I just ignore the requirements - mostly - and if the job sounds interesting,
I'll send them a note saying why it sounds interesting and why I believe I'm
qualified. Let 'em reject me later, once they've got a bit more information,
or vice versa.

------
sliverstorm
The proliferation of web design jobs is beginning to make me wonder if I
should, on the side, finally learn advanced page design.

My aesthetic skills are weak, and I am pursuing other goals long-term (much
closer to the hardware), but do people think it would be a worthwhile tool to
help prop myself up in the short-term?

------
lleger
By engineer, they mean programmer or developer, of course.

------
jonathanmarcus
<http://jobs.hiidef.com/>

So is HiiDef, creators and operators of Flavors.me, Goodsie, Dashboard.me and
more!

Django, JQuery and/or *NIX administration.

We are distributed around the east coast of the United States, Canada and
Australia.
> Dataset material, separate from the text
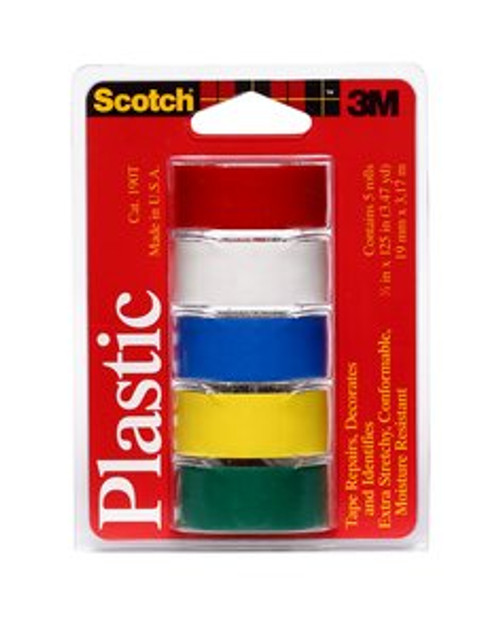 Scotch Colored Plastic Tape Assorted 190T, 3/4 in x 125 in (19 mm x
3,17 m)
Everyone works on multiple sites simultaneously, making for a
uniquely challenging and constantly changing work environment.

Email: jonathan@hiidef.com

------
chacha102
So, I've worked out the Javascript problem several times in my head. Could it
be because num is in a difference context when it is being called by
setTimeout()?

I just can't figure it out, and it is bugging me. (Guess I won't get the
job...)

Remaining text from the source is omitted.